Il travaille à présent pour convaincre d’autres personnalités à le rejoindre. Déjà l'ancien maire, Michael Biton, qui a redressé la petite ville de Yerouham, oubliée au sud du pays, nourrit des ambitions nationales. Il fut le proche collaborateur de Gantz à l'armée et semble prêt à lancer la campagne à ses côtés car «Israël veut des gens responsables, pas des radicaux, pas d'extrême-droite ou d'extrême-gauche, qui comprennent la complexité et les dénominateurs communs entre nous, qui possèdent un riche passé professionnel et qui ne sont pas corrompus».  C’est lui qui l’a convaincu de créer son propre parti pour figurer à la première place.

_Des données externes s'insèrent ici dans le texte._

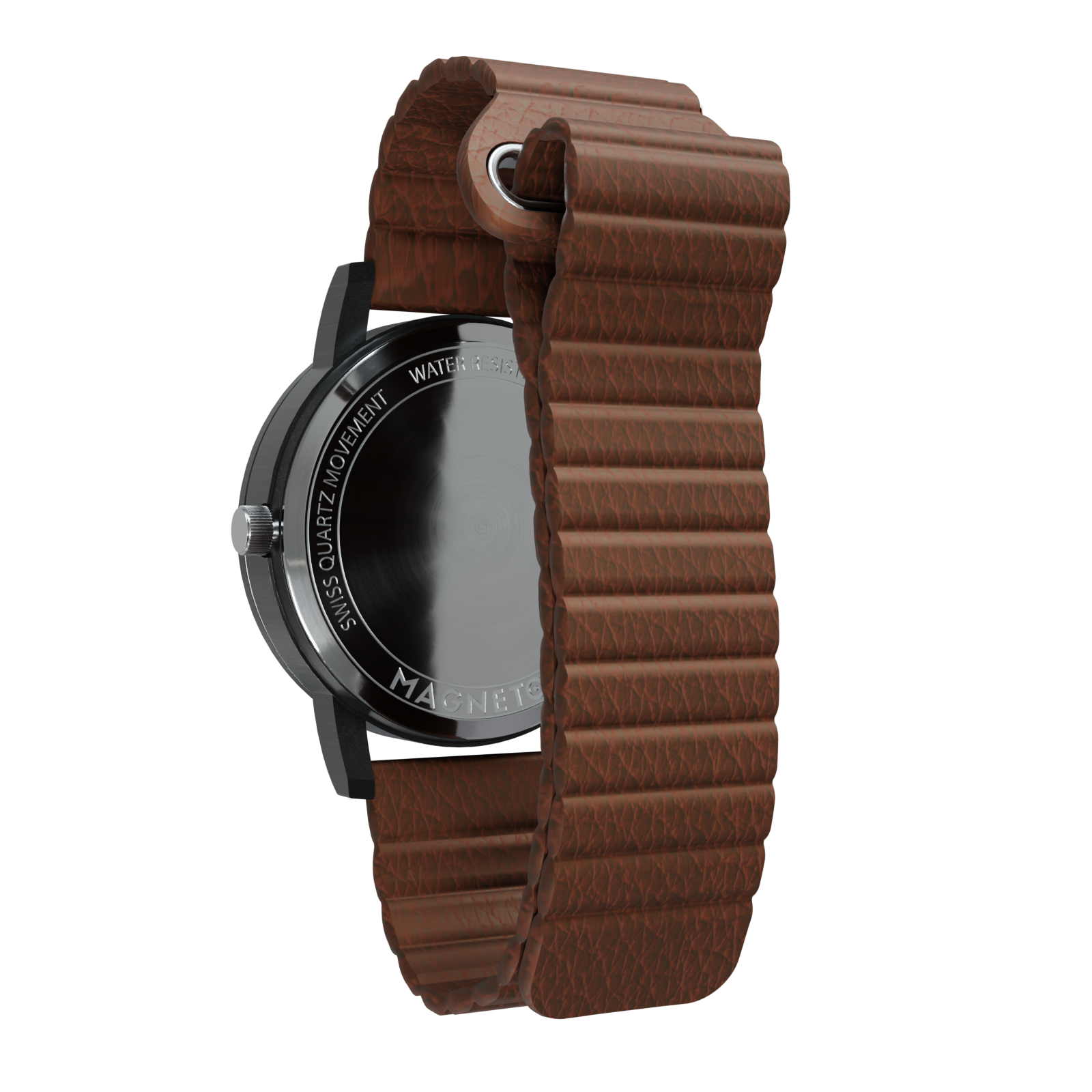 Magneto-Watch-Komet-Black-Kunstleder-Magnetisch-Braun-Back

Benny Gantz a certes pris des risques avec une nouvelle structure inédite et sans militants mais «C'est un homme très calculateur et tout ce qu'il fait est vérifié mille fois, parfois à son détriment».  C’est surtout un homme très secret qui agit toujours en coulisses, et qui garde le silence sur ses projets politiques. Or il est important que ses électeurs sachent à temps ce qu’il compte faire. Mais il s’est aperçu que moins il parlait et plus il montait dans les sondages.
La tâche est difficile pour constituer un nouveau parti à partir de rien, surtout qu’au Centre existe une forte concurrence. Pour de nombreux leaders, le seul moyen de battre Netanyahou réside dans l’union des partis modérés. Par ailleurs, Gantz a été un excellent chef militaire mais il doit faire ses preuves en politique dans un monde violent et sournois qui lui est inconnu. Mais la politique s’apprend vite s'il est bien entouré. Une certitude, Gantz sera certainement le personnage le plus révélateur de la campagne 2019.